- PEPE dropped 17% in 24 hours, erasing most of its monthly gains, as selling pressure intensified across the derivatives market.
- Bearish signals dominate, with rising liquidations on long positions, falling open interest, and sellers paying premiums to maintain shorts.
- Despite the drop, some buyers are accumulating, with over $69M in purchases this past week, though further downside toward $0.000008777 remains possible if bearish momentum continues.
So, yeah—Pepe [PEPE] just got hit hard. The memecoin shed a rough 17% in the last 24 hours alone, wiping out a good chunk of its recent gains. Oddly enough though, it’s still sitting on a decent 25% rise over the past month. Kinda messy, but that’s crypto for you. Right now? The vibe in the market says there’s room for even more downside. And sellers? Oh, they’re not letting up.
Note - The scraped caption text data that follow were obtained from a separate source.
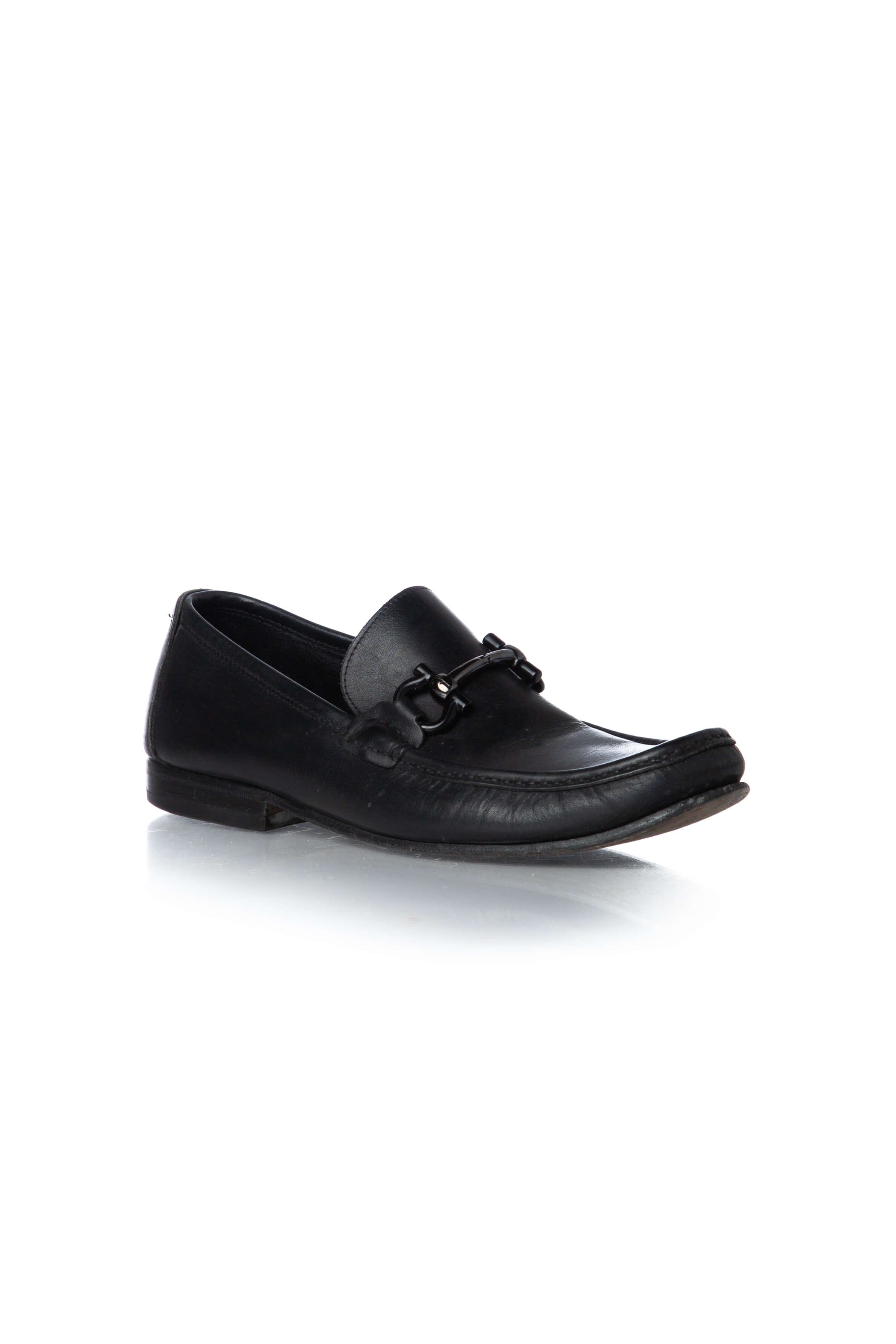 Salvatore Ferragamo, Talla 6 USA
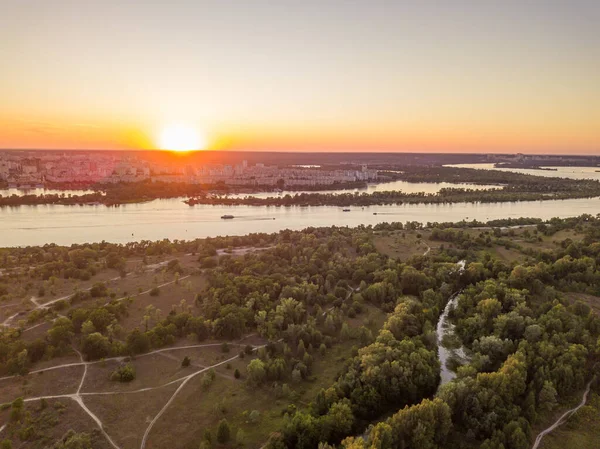 空中无人驾驶飞机视图 日落时分 第聂伯河和基辅市上空 — 图库照片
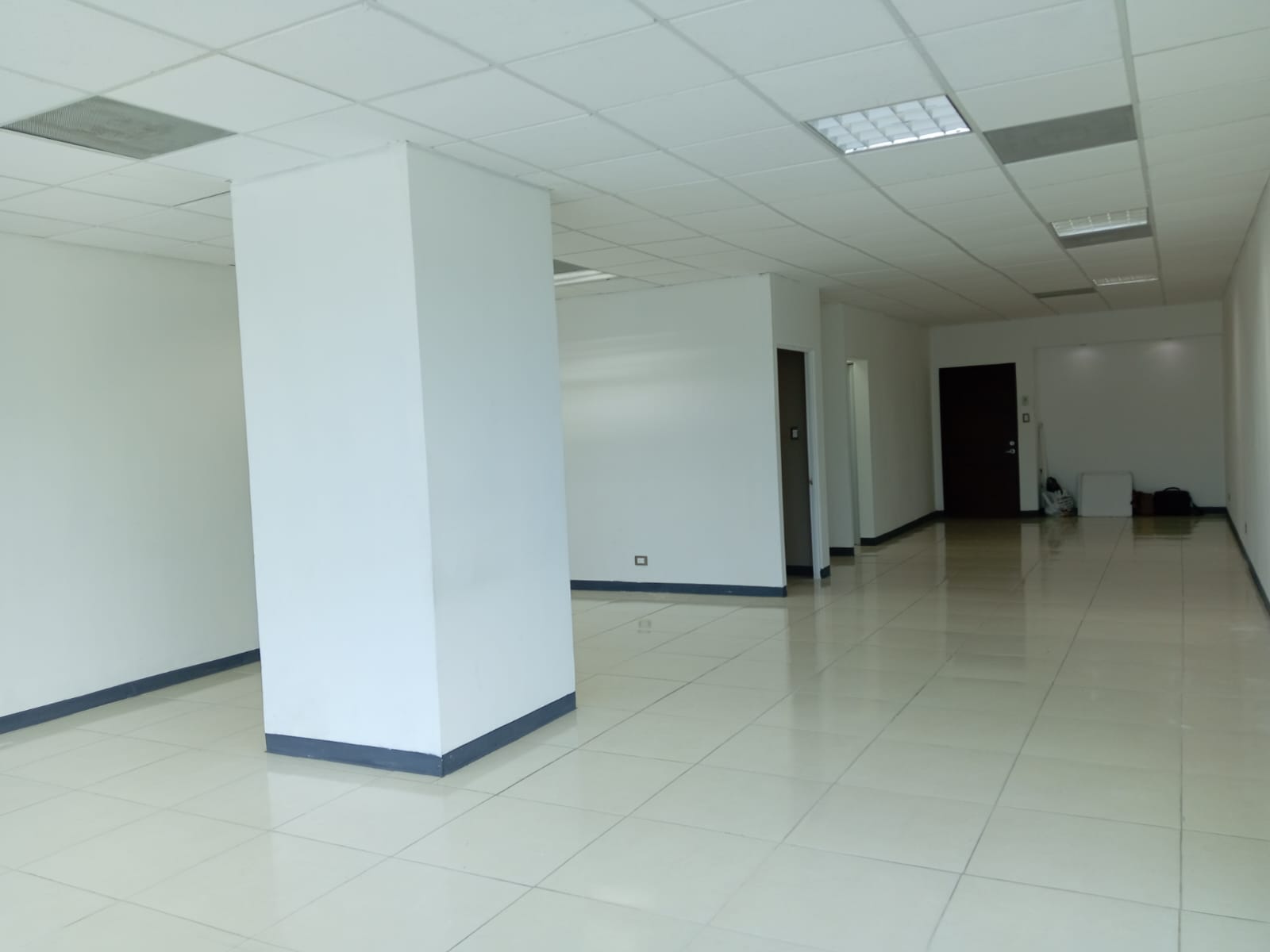 Alquiler de Oficina en Zona Pradera, Zona 10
Selling Pressure’s Heating Up
Things are looking shaky. Sellers have the upper hand, that much is clear. About 50.77% of derivatives market volume is coming straight from sell-side activity—that’s not a small number. Plus, Open Interest (OI) has dipped 23%, which usually hints at traders bailing on their positions. Losses? Pretty brutal. In just one day, long traders lost $7.32 million out of $8.97 million total in liquidations. That’s a red flag. Longs are getting wrecked, and bearish momentum is clearly steering this ship.

Bears Are Paying to Keep the Momentum
Here’s something telling: Funding Rates have flipped negative, big time. At -0.0078%, sellers are literally paying to keep short positions open. That usually means the market’s leaning hard in their favor, with Futures prices lagging spot prices. So yeah, the trend is kinda clear. If that pattern keeps up—dropping OI, aggressive selling—PEPE might just keep slipping. And it could get uglier before it gets better.

Buyers Are Still Around—But It’s Risky
Weirdly, not everyone’s running for the hills. Some folks are still scooping up PEPE, especially in the spot market. Over $1.59 million in PEPE was snapped up just in the past day. And zooming out, around $69.3 million was accumulated in the past week. That’s not pocket change. Add to that: Bollinger Bands are flashing oversold territory. Every time PEPE dips below the red band, it’s bounced back big… historically at least. That said, it’s not all sunshine. If this selling spiral keeps spinning, we could see the price head toward $0.000008777. The chance is slim—but not zero.